(DATA SECTION)

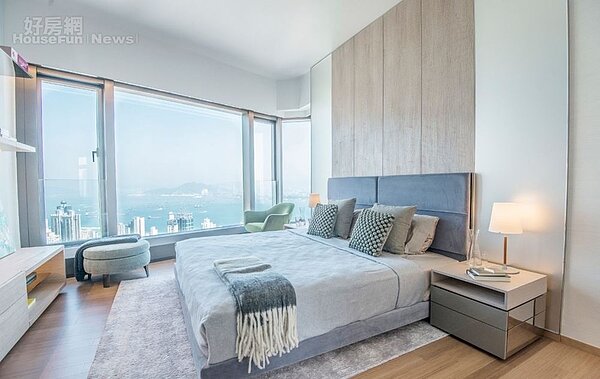 6.從豪宅室內就可欣賞維多利亞港美景。(翻攝AREZZO瀚然官網)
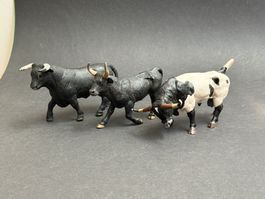 Schleich Safari Papo schwarzer Stier Stiere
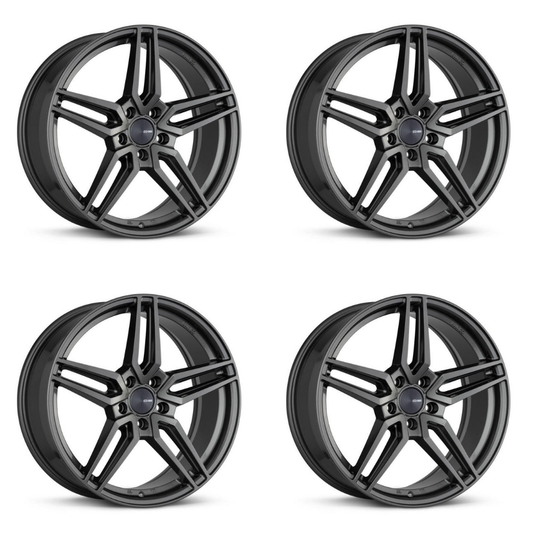 (set of 4) Enkei Victory Anthracite | 18x8" +40mm | 5x120mm Wheel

(End DATA SECTION)

_WHAT YOU WILL DO_. In the copy, keep every line of the data above exactly and drop each picture.

_EXERCISE RESPONSE_.
 6.從豪宅室內就可欣賞維多利亞港美景。(翻攝AREZZO瀚然官網)
 Schleich Safari Papo schwarzer Stier Stiere
 (set of 4) Enkei Victory Anthracite | 18x8" +40mm | 5x120mm Wheel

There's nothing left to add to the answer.